[[ DATASET EXTRACT, beginning ]]
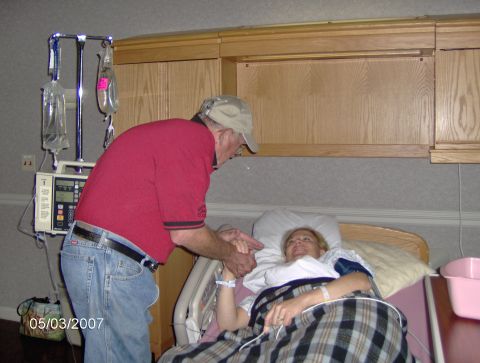1978 Ford Bronco - A man visits a woman in a hospital room, holding her hand as she rests in bed.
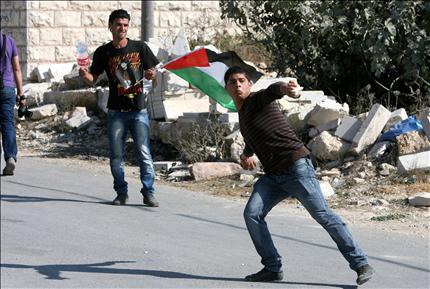 فلسطينيان يرشقان جنود الاحتلال بالحجارة خلال تظاهرة ضد الاستيطان في بلدة المعصرة في الضفة الغربية (ا ب ا) 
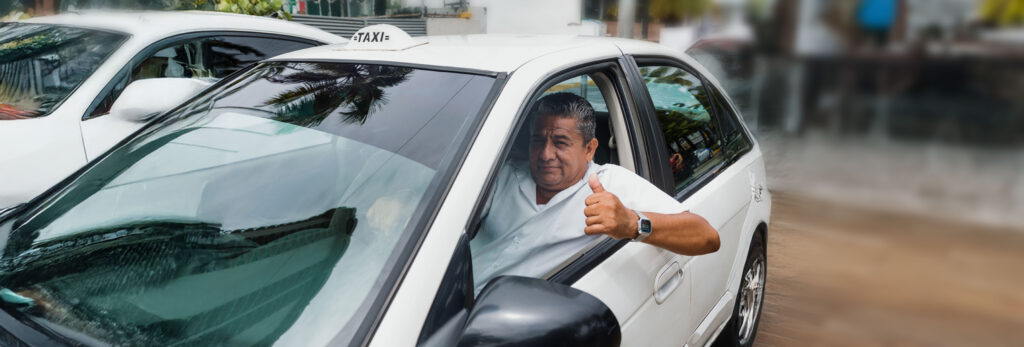 alt="Taxista en su vehículo blanco mostrando pulgar arriba. Crédito justo y accesible con tarifas claras en Credimovil."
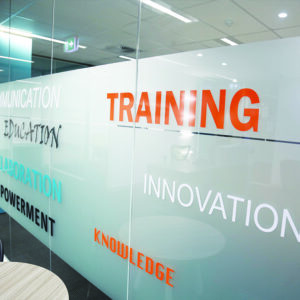 Window signs in an office with graphic designs and lettering.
[[ DATASET EXTRACT, end ]]
WORK TO COMPLETE: Rewrite the data above exactly as given, but omit the images.

RESPONSE:
1978 Ford Bronco - A man visits a woman in a hospital room, holding her hand as she rests in bed.
 فلسطينيان يرشقان جنود الاحتلال بالحجارة خلال تظاهرة ضد الاستيطان في بلدة المعصرة في الضفة الغربية (ا ب ا) 
 alt="Taxista en su vehículo blanco mostrando pulgar arriba. Crédito justo y accesible con tarifas claras en Credimovil."
 Window signs in an office with graphic designs and lettering.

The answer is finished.